No one, least of all Davis himself thought to cut the live audio feed to the house. All they could do was hang on the demon’s every heart felt word.
“From the very first moment I can remember,” Minx continued. “It was as if I had spent a thousand years planning my revenge on him. It was though he had done me some terrible wrong. I felt nothing but the burning desire to reap my vengeance on him, although in reality there was no vengeance to take. I didn’t know why he had to suffer, and in those exquisite moments of ignorance that followed my creation, I didn’t care. I was made solely to cause him harm. Although I was only self-aware for a heartbeat or so before entering his hotel room, I had millennia of hate welling up inside me.”
Minx paused for a moment, it seemed to shrink a full foot as it remembered all this. Yes Ross thought to himself, this was a confession. And wasn’t confession supposed to be good for the soul?
“I was in rapture, perched there on his chest,” Minx remembered. “I was going to make his suffering last a week if I could... Then came the pain, my pain, the first I’d ever felt. That bastard Hauser trapping me, mocking me as I writhed in an agony I could not comprehend.” Minx stopped and held up a shaking bony hand which it made into a fist.
“Such pain,” Minx said. “I was only supposed to last as long as it took Davis to die at my willing hands. Then be glad of the release once the deed was done.”

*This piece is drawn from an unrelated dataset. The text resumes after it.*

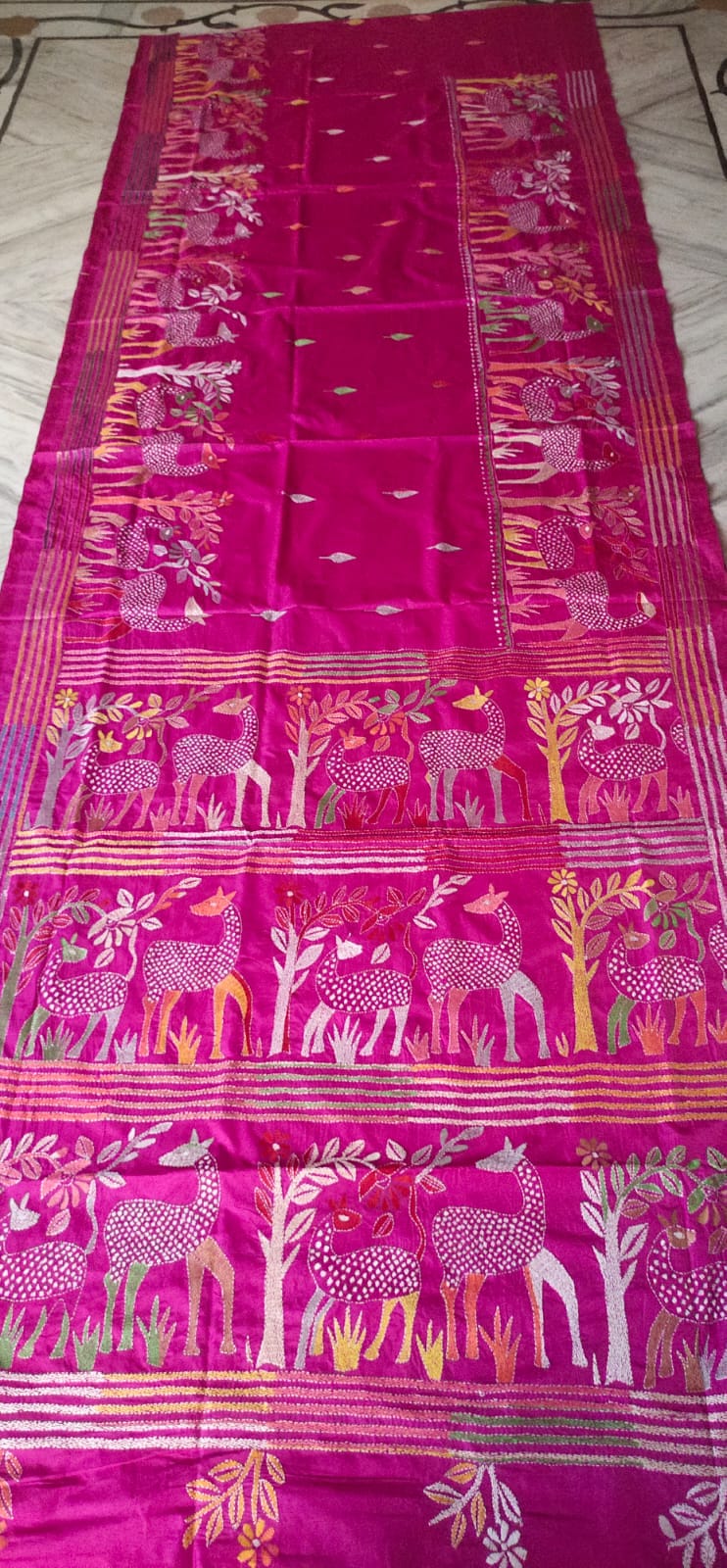 Handmade kantha on blended silk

It looked around the room, its prison cell. “I wasn’t meant for this. I wasn’t meant to think, contemplate my place in the world. Just to act on instinct, torture, kill and be gone. Yet here I am, carted from one indignation to the next. With only brief moments of relief from the agony of simply existing. And those moments of bliss? Torturing your kind. Not for hatred of the church, that’s as abstract a concept to me as love or friendship. No, I torture you in lieu of the one human I should have despatched long ago now, Michael Davis.”